Promises made, promises kept

By: 
Rep. Tim Goodwin

Greetings. “Promises made, promises kept.” The 101st legislative session is officially over. We need to go back to Pierre March 30 for what is called Veto Day. This is designed to override any vetoes the governor gave, and we have one bill, funding Richmond Lake Dam, to vote on. Session starts at 1 p.m.
I left last week with SB245 still hanging. Well, SB245 passed the House with 42 yea votes. We needed 36. Then, in the Senate, they had to concur and we got 20 yea votes out of 34 and needed 17 or 18.
The reason I’m not sure (17 or 18) is that the Senate was arguing all session about whether the Lt. Gov. could break a tie. We had one legislator who sadly had a stroke (Sen. Arch Beal), so the Senate had 34 voting members, making a 17 to 17 tie a possibility.

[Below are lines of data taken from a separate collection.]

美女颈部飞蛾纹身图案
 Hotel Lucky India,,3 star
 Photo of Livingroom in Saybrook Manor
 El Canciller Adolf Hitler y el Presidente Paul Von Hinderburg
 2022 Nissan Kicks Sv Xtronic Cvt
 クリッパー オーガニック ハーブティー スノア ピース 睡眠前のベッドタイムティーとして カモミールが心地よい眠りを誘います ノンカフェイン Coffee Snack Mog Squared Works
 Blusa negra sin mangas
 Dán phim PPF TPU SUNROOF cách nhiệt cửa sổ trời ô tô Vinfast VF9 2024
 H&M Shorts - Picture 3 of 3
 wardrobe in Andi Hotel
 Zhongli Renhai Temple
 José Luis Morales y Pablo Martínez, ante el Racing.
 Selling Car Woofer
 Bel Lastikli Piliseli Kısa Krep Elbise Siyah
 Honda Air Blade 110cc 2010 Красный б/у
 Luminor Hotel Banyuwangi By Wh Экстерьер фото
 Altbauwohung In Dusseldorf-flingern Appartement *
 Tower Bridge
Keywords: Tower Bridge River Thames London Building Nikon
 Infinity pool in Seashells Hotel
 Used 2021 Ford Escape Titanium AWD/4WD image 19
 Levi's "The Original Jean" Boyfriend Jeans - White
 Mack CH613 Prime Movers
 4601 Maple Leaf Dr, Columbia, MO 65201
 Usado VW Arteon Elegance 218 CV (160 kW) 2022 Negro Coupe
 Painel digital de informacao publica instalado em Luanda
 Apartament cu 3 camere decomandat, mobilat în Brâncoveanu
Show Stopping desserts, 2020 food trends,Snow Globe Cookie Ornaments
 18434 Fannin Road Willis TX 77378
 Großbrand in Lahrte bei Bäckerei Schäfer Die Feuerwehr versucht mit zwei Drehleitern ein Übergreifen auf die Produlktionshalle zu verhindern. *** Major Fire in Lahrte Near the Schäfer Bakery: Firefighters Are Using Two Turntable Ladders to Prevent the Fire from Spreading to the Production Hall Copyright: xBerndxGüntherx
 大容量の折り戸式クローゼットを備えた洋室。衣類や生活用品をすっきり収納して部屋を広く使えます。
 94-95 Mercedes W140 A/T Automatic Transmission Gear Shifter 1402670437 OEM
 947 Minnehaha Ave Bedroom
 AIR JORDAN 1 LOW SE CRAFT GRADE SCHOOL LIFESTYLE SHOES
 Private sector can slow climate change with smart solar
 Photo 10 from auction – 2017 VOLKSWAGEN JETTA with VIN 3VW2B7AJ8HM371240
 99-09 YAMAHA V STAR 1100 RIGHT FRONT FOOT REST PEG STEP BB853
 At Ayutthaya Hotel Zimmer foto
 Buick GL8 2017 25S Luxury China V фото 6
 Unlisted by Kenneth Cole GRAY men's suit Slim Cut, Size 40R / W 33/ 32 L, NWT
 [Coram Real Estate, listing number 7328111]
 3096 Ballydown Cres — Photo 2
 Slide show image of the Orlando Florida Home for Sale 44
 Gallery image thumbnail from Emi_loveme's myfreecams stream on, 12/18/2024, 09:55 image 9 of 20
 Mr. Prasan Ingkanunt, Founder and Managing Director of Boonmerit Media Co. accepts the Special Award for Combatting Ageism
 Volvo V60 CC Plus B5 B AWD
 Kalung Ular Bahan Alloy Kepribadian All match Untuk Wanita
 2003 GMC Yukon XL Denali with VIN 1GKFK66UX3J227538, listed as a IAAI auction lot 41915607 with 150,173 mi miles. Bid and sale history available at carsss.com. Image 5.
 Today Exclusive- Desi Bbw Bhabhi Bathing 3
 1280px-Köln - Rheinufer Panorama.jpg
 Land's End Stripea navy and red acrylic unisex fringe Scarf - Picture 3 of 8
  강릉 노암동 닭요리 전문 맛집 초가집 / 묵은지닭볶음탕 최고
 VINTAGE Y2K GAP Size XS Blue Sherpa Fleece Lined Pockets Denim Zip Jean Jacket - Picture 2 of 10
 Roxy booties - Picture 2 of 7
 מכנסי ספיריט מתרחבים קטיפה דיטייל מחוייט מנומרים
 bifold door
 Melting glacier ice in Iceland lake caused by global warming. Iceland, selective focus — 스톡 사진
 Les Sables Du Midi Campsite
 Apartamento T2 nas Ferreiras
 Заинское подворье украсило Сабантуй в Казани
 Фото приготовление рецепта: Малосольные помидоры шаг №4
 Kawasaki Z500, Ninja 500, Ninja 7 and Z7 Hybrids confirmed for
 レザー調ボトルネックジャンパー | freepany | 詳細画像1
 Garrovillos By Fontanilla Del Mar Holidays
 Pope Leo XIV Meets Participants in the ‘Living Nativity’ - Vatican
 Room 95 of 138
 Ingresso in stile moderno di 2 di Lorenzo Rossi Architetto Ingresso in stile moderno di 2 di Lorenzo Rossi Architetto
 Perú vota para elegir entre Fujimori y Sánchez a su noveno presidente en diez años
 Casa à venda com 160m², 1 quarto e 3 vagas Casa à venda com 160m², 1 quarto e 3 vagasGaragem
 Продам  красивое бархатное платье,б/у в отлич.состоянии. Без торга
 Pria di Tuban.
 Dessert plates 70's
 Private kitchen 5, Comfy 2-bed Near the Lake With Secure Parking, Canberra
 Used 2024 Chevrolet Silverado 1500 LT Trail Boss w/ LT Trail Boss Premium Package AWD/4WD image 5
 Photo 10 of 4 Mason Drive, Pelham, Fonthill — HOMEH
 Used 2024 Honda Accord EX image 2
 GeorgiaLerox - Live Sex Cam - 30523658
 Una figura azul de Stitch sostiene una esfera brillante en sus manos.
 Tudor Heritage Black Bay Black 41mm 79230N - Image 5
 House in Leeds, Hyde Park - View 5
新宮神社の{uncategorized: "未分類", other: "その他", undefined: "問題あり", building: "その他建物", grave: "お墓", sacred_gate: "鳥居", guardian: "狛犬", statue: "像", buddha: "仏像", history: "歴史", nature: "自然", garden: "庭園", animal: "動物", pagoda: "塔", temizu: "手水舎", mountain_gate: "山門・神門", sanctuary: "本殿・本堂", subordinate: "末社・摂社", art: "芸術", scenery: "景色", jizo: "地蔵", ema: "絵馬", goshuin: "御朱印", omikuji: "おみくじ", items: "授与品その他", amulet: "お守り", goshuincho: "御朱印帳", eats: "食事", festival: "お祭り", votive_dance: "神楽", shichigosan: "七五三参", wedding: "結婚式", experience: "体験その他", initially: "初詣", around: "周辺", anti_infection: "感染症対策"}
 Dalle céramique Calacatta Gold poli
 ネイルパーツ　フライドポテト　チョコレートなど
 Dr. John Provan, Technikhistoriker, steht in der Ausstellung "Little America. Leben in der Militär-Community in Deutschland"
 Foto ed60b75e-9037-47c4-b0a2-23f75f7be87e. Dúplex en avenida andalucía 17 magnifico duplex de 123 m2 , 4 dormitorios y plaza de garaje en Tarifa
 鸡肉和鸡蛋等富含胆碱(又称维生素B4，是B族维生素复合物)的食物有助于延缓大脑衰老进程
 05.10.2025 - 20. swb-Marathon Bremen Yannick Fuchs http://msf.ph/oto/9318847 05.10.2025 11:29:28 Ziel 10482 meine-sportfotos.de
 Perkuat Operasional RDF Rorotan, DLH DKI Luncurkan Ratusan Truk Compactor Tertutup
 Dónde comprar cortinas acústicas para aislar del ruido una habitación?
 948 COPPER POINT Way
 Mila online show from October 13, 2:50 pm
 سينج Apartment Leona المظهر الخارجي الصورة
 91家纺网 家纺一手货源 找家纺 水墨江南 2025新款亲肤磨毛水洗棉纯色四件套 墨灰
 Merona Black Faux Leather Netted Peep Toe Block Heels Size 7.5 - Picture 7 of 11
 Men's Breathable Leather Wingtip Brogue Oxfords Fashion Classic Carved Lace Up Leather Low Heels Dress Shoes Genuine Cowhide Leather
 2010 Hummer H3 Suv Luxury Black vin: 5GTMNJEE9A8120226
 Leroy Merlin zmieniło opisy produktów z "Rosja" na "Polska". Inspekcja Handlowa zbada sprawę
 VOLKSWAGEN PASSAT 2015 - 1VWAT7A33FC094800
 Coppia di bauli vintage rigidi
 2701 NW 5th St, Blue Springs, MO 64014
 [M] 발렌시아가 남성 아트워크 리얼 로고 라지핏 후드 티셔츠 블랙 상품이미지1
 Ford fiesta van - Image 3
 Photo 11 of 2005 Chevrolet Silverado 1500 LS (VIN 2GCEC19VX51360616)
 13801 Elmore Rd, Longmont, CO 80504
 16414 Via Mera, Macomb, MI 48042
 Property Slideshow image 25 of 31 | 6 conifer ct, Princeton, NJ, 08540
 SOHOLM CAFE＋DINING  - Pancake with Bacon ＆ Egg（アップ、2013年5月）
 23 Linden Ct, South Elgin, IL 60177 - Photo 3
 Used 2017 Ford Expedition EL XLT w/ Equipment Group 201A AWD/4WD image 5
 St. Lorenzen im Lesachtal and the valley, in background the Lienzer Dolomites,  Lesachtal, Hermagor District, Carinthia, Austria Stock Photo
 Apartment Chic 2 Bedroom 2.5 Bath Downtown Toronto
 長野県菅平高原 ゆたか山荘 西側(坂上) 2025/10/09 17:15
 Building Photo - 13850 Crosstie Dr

I don’t like the way they vote in the Senate. In the House, we all press a green yea or red nay button at the same time, and then once everyone has voted, an electronic board flashes the vote count with yea or nay depicted. In the Senate, the clerk reads each senator’s name alphabetically and they render a voice vote. There is no electronic board. Consequently, those senators at the end of the alphabet, such as Zikmund or Voight, can decide if a bill passes or not.
No, in their rules, they cannot change the sequence to calling the vote starting with Z and go backward to A. Ah, well, I love the House of Representatives.
The Senate is half as big, with 35 members, one for each legislative district. The House has two representatives for each of the 35 districts, making for 70 representatives. A previous House member, Rep. Tim Rounds (U.S. Sen. Mike Rounds’ brother), used to always say that the Senate was like a symphony and the House was like a rock concert. I guess I’m a rock concert type of person?
So, we got SB245 passed and Gov. Rhoden signed it into law. Did you see me on the news standing next to the governor who was seated signing that bill, and also SB96? That bill was to allow each county to add a half cent to sales tax with the revenue earmarked for owner occupied home owners.
This comes up to around a 20 percent decrease in property tax charges. SB 245 takes 4.2 cents sales tax to 4.5 cents, which it was going to do automatically in 2027 as the sunset clause comes off then. The three-tenths of a penny is around $110 million in additional revenue. The entire amount is earmarked to owner occupied homeowners, another 20 percent decease in property tax. 
Once the dust settles and both SB69 and SB245 become reality, it is around a 40 percent reduction in owner occupied property tax charges. This is the biggest tax shift ever enacted since statehood Nov. 2, 1889! Now, is that a hooah or what? So, I’ll end like I started, “Promises made, promises kept.”